The seating arrangements like the starting lines bear traces of different periods; in contrast to Olympia it seems that from early times a certain number of seats were provided, if we may dignify by the name of seats the five rows of small stones cemented with mud which enclose the eastern end of the course. Beyond the points where these terminate are numerous tiers of seats on either side built of large blocks of dressed stone. The irregularity in the number and dressing of the stones shows that they were not constructed all at the same time. Some of them bear the inscriptions of the dedicators, which seem to date from the Macedonian period to the close of the Roman Republic. But even these seats cease entirely in the western half of the stadium, where as at Olympia spectators can only have stood or reclined on the banks. Staircases give access at intervals to the seats. In the centre of the seats on the northern side is an arched passage communicating with a square enclosure on the other side of the embankment. The enclosure was possibly the place of assembly for officials and competitors who entered the stadium in state through the arch-way. On the southern side of the stadium close to the finish are four stone blocks some 15 feet long and 16 inches high which were probably the seats of the Hellanodicae. Lower down, opposite to the arched passage, there are remains of a curved seat which may also have served for officials. It is rather more than 40 yards from the finish, and if the javelin or diskos were thrown from the finish, would have been a convenient seat for judges in these events. It seems likely too that, at all events after the erection of the later seats, wrestling and other events of the sort took place opposite these seats and not at the east end of the course. Behind this curved seat a broad staircase leads to a platform half-way up the seats. Here, Cavvadias conjectures, stood the table on which the prizes were placed, here the herald proclaimed the victor’s name and city, and here the victors received their crowns from the hands of the Hellanodicae. From this point too we may suppose, when the games for the day were finished, the Hellanodicae followed by the victors started in a triumphal procession, and passing through the official entrance on the north side, made their way to the temple of Asclepius to render thanks and pay their vows to the patron of the festival.
Stadium of Epidaurus.
Fig. 43. Stadium of Epidaurus.
A further stage in the development of the stadium is seen in the stadium of Delphi, the best preserved and the most romantic in its situation of all Greek stadia. It lies on a rocky shelf to the north-west of the sacred precinct at the foot of the cliffs of Parnassus, which rise sheer above it to a height of 800 feet, and looking down over the valley of the Pleistus and the Crisaean plain. As at Olympia, there seems to have been no permanent stadium till the second half of the fifth century.[441] In Pindar’s time the athletic competitions took place in the plain below, where, for want of sufficient room at Delphi itself, the hippodrome must have continued to exist.[442] It seems probable that the change took place between the years 448 and 421 B.C. when the control of the festival was in the hands of the Phocians.
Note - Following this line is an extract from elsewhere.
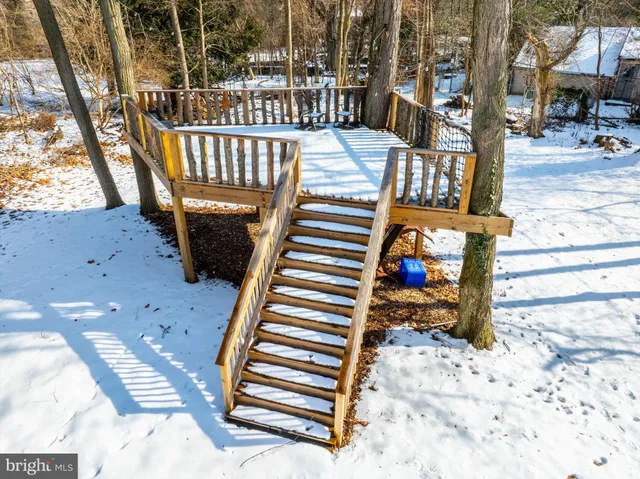 $745,000 | 919 Laburnum Lane, Wyncote, PA 19095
To construct a stadium on the steep slope of the mountain it was necessary to build a massive retaining wall, and the date of this wall is approximately fixed by a fifth-century inscription built into it forbidding the introduction of wine into the dromos.[443]
Stadium of Delphi.
Fig. 44. Stadium of Delphi.
The stadium as we see it to-day is mainly the work of Herodes Atticus, who is said by Pausanias to have reseated it with marble, as he certainly did at Athens.[444] The French excavations, however, show that Pausanias’ statement can hardly be accurate. The seats are not of marble but of local stone, and are apparently quite complete. There is no sign of any marble facing having existed, and not a trace of marble has been found in the stadium. If marble was used at all, it can only have been for special parts of the seats. Yet even without marble the appearance of the stadium is sufficiently imposing. The actual track is bounded at either end by a stone sill similar to those found at Olympia and Epidaurus. The stone sill is composed of 17 or 18 sections, and the parallel grooves are about 3-1/2 in. apart. The length of the track is 177·5 metres, and its breadth varies from 25-1/2 metres at the ends to 28-1/2 metres in the centre. The object of this curve, which we find at Athens and in a much less marked degree elsewhere, was to give a better view of the whole course to the spectators. The west end terminates in a shallow curved sphendone 9-1/2 metres deep, and the east end is similarly curved, though the curve is interrupted at the south by the main entrance to the stadium from the precinct below. In this eastern end there stand four pillars of poor and late workmanship which seem to have formed a triumphal entrance for officials and competitors. The two sides and the western sphendone are surrounded by rows of stone seats raised on a stone basement 5 feet high. There are six rows of seats on the south and west, twelve on the north, affording places for some 7000 spectators, though many more could find room on the slopes above the stadium to the north. Flights of steps at the east end gave access to two corridors which ran right round the stadium, above and below the tiers of seats. The latter were further divided by flights of steps placed at regular intervals. There were thirteen of these on either side, dividing the stadium into twelve equal lengths of half a plethron, and these divisions may have served like the similar divisions at Epidaurus for purposes of measurement. Another detail which recalls the stadium of Epidaurus is a seat of honour occupying the centre of the first two rows of seats on the north side.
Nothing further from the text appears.